Chur
20. März bis 17. April 2021
Seraina Peer
Jules Spinatsch — Planetary Upgrade Fair
Mit ‹Temporary Discomfort Chapter I–V›, 2001–2003, und der Entwicklung einer automatisierten Aufnahmetechnik gelang Jules Spinatsch der internationale Durchbruch. Jetzt schreibt er mit der fotografischen Installation und Monographie ‹Davos is a Verb› ein neues Kapitel. Die Ausstellung ist in der Galerie Luciano Fasciati zu sehen und regt an, über die temporäre Aneignung von Orten nachzudenken.
Erneut nimmt der gebürtige Davoser Jules Spinatsch (*1964) seine Heimatstadt in den Fokus, um deren strukturelle Veränderungen, Spannungsverhältnisse und das Gefühl eines «temporären Unbehagens» aufzuzeigen.

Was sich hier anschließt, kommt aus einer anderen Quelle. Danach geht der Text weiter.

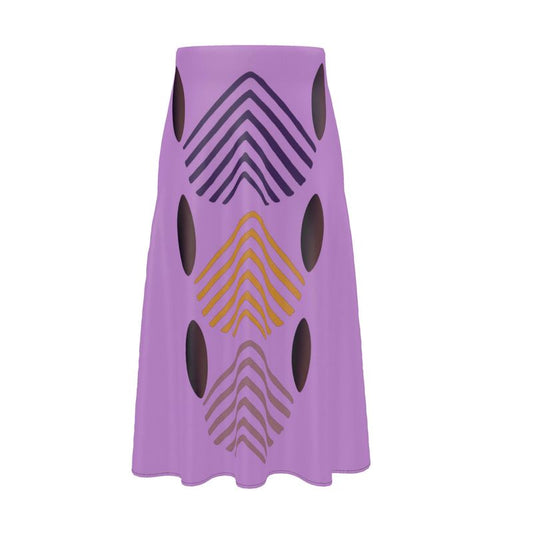 Goingback Stronger Collection-Cedar Bloom Midi Skirt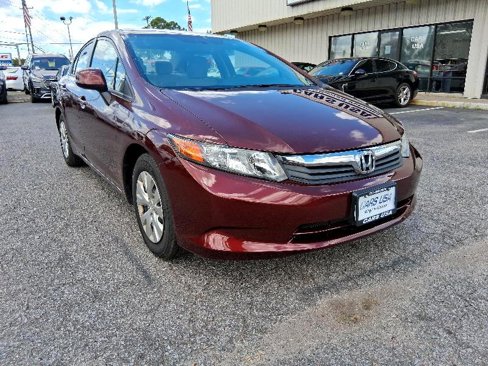 Used 2012 Honda Civic LX image 8
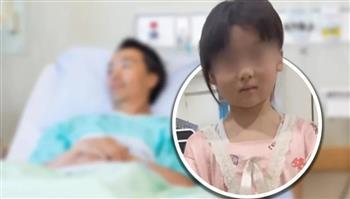 طفلة تثير الإعجاب.. تعتني بوالدها مريض القلب بمفردها في المستشفى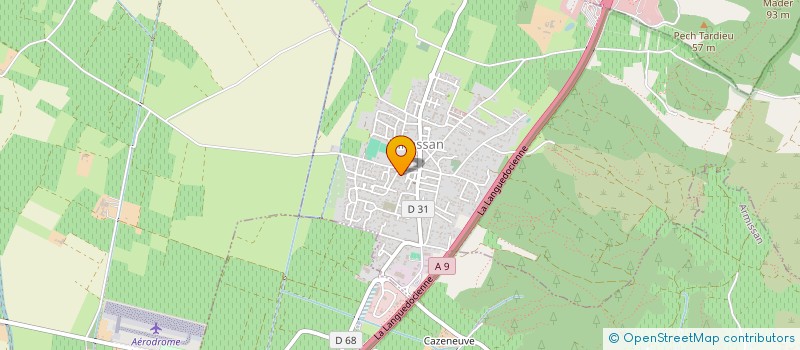 localisation de l'entreprise NOVIBAT à COURSAN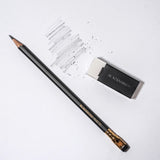 BLACKWING SOFT HANDHELD ERASER + HOLDER- BLACK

Aber was meint er mit ‹Davos Is A Verb›?
Der Künstler versteht das Verb in seinem Werktitel als Ausdruck für ein Verhalten: Ist es nicht so, dass Davos fast unbewusst mit dem World Economic Forum (WEF) assoziiert wird? Der Künstler überträgt die Fähigkeit des Verbs zur Konjugation auf Davos und thematisiert fotografisch, wie die Alpenstadt ihrer Veränderbarkeit ausgesetzt ist. Zunehmend bestimmen nicht nur wenige Januartage das Davoser Ortsbild. Einzelne Lokale stehen sogar ganzjährig leer und transformieren sich erst während des WEF in schillernde Places-To-Be. Davos mutiert zum Repräsentations-Pop-Up – die Hauptstrasse wird in eine kilometerlange Kommunikationsfläche verwandelt. Die aus dem WEF resultierenden Nebenschauplätze und der Prozess der temporären Aneignung lokaler Räume durch internationale Konzerne und Organisationen waren Auslöser für den Werkkomplex ‹Davos is a Verb›. Spinatschs Arbeit erschöpft sich aber nicht in einem Vorher-Nachher-Vergleich. In Glasscheiben gespiegelte Gesichter überlagern sich mit inszenierten Interieurs und mischen sich mit einer Flut von Firmenlogos und Slogans in Leuchtschrift. Damit wird die Komplexität der Diskurse um Machtverhältnisse, Lukrativität und Publicity angedeutet.
Die Galerie Luciano Fasciati in Chur wird im Stil einer Messe mit bedruckten Textilien in einzelne thematische Räume unterteilt und – wie Davos – «in Szene gesetzt». Während grossflächige Fotografien zur Immersion einladen, stehen andere als Roll-Up-Banner im Raum, bieten verschiedene Blickwinkel gleichzeitig an oder werden zu Skulpturen in Form von thematischen Sitzwürfeln. Einer davon zeigt Fahrzeuge, vom Transporter mobiler «Almhütt’n» bis zum Anhänger mit einer Flugabwehrkanone. Die Dichte an Implikationen, die sich sowohl innerhalb der Bilder als auch zwischen einzelnen Fotografien zu neuen Geschichten spinnen lassen, erweckt ein bedenkliches aber zugleich amüsierendes Gefühl von Absurdität. In Zeiten von Corona haben leere Lokale nicht nur in Davos einen unbehaglichen Beigeschmack. Umso pointierter folgt gerade diese Ausstellung auf das Ende des zweiten Lockdowns.